• **PROBLEM REQUIREMENTS**
From the records below, output exactly the lines starting at the line with "Volkswagen Caravelle T6" and ending at the line with "Single Family Residence", both of them included, but no pictures.

• **PROVIDED DATA**
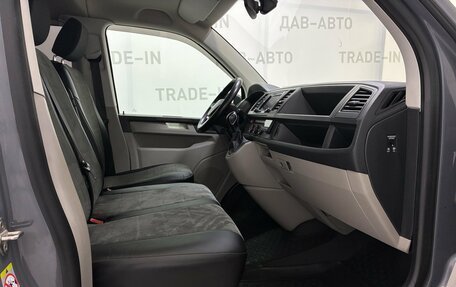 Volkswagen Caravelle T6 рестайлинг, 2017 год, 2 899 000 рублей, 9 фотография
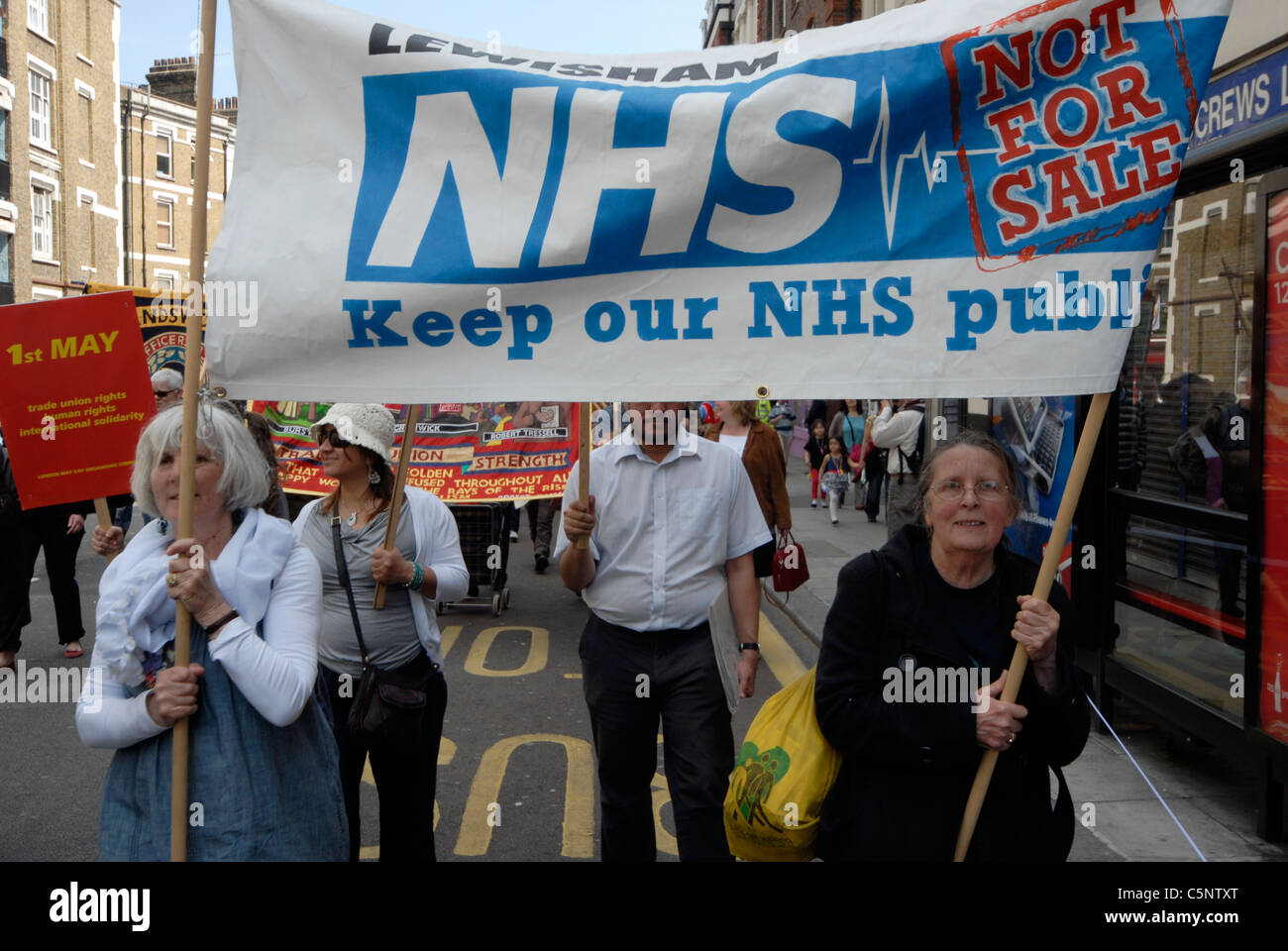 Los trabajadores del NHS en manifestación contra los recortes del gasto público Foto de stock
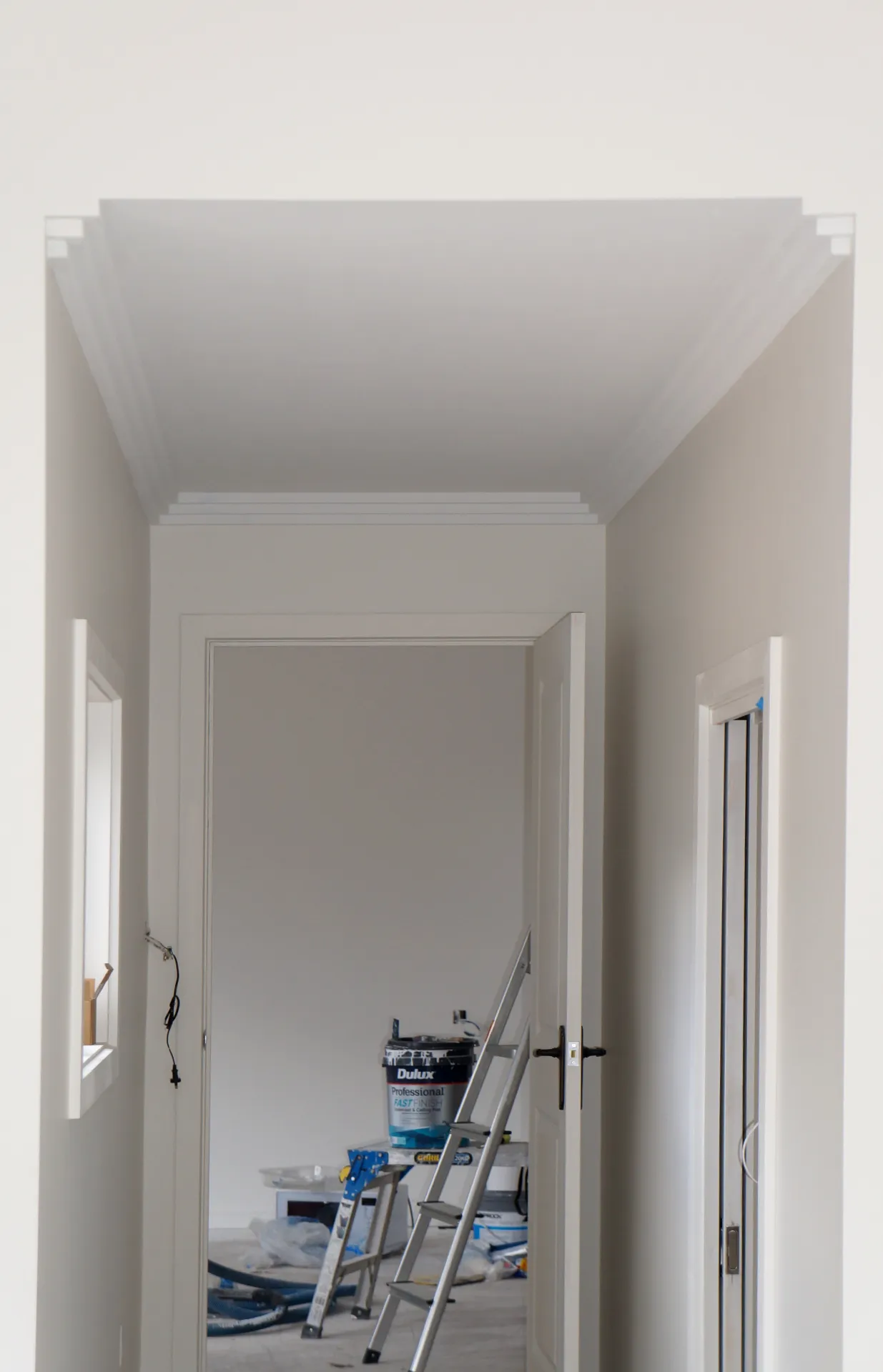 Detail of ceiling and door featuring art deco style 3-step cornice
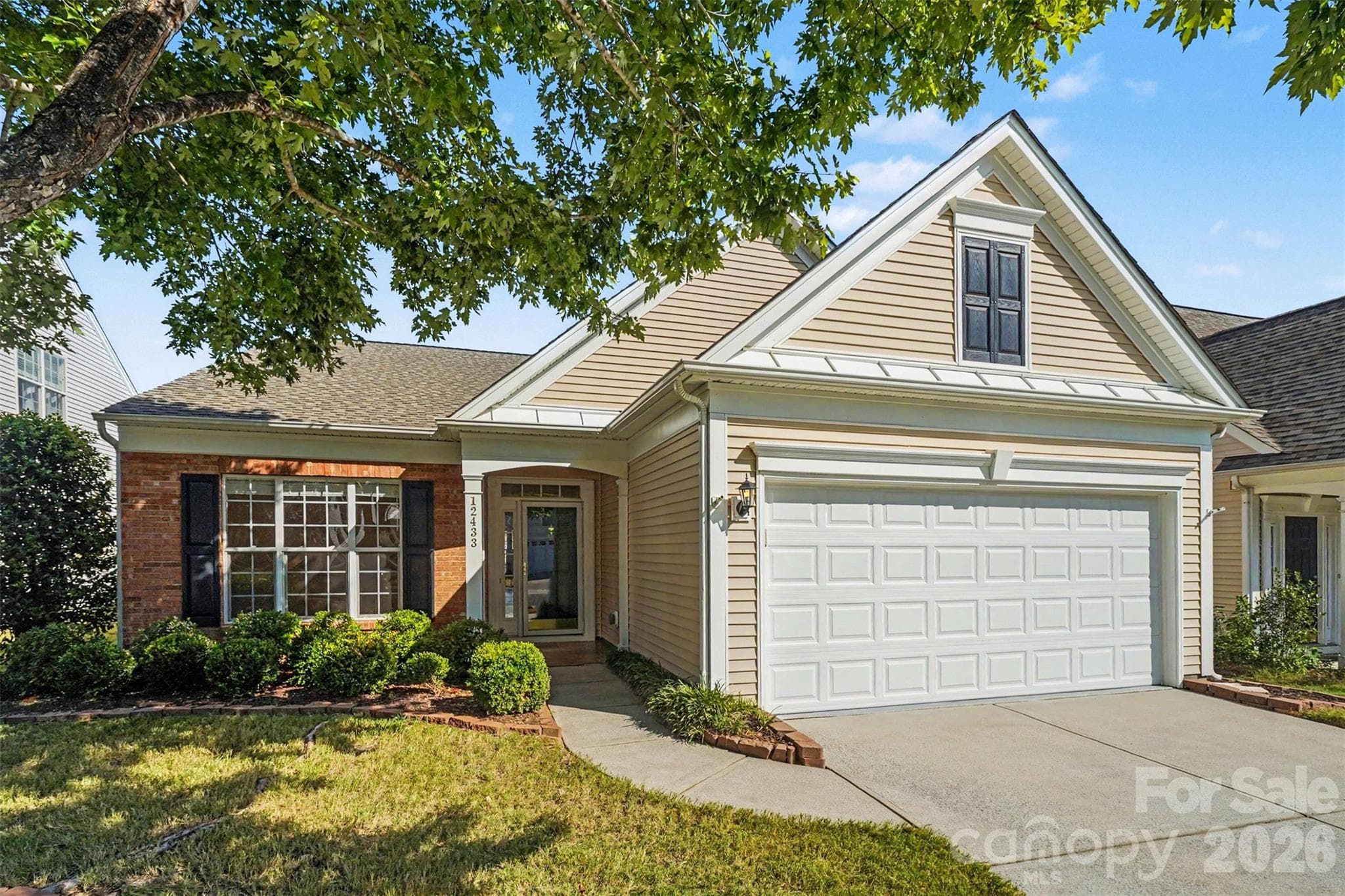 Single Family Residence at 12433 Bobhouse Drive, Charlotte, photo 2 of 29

...

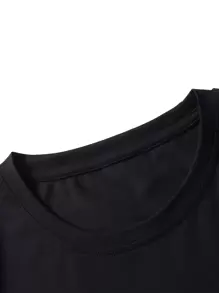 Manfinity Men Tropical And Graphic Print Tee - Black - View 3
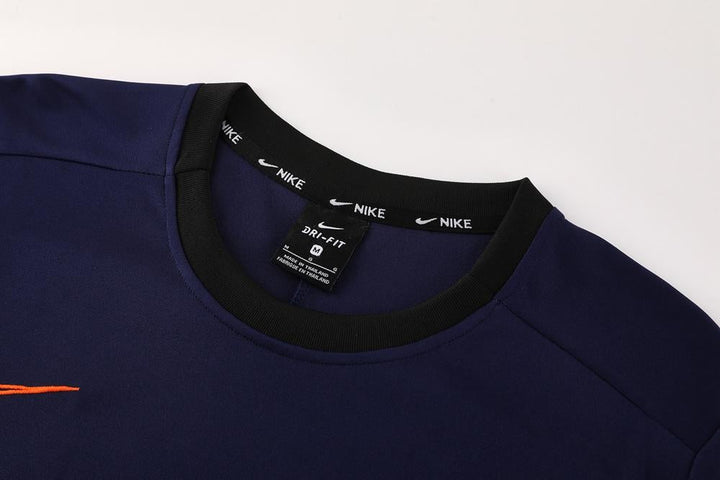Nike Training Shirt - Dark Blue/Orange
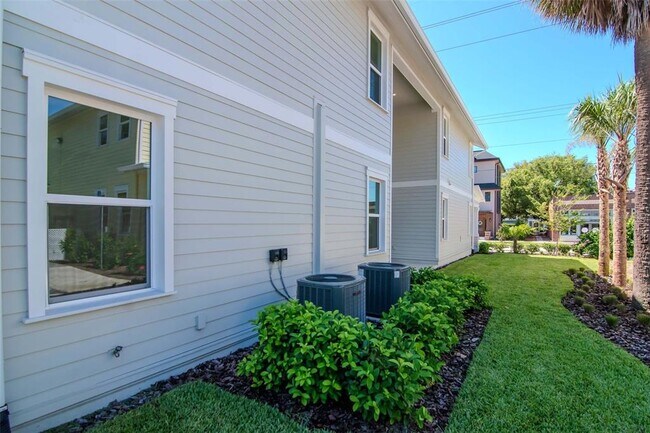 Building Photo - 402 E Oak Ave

• **TASK RESULT**
 Volkswagen Caravelle T6 рестайлинг, 2017 год, 2 899 000 рублей, 9 фотография
 Los trabajadores del NHS en manifestación contra los recortes del gasto público Foto de stock
 Detail of ceiling and door featuring art deco style 3-step cornice
 Single Family Residence at 12433 Bobhouse Drive, Charlotte, photo 2 of 29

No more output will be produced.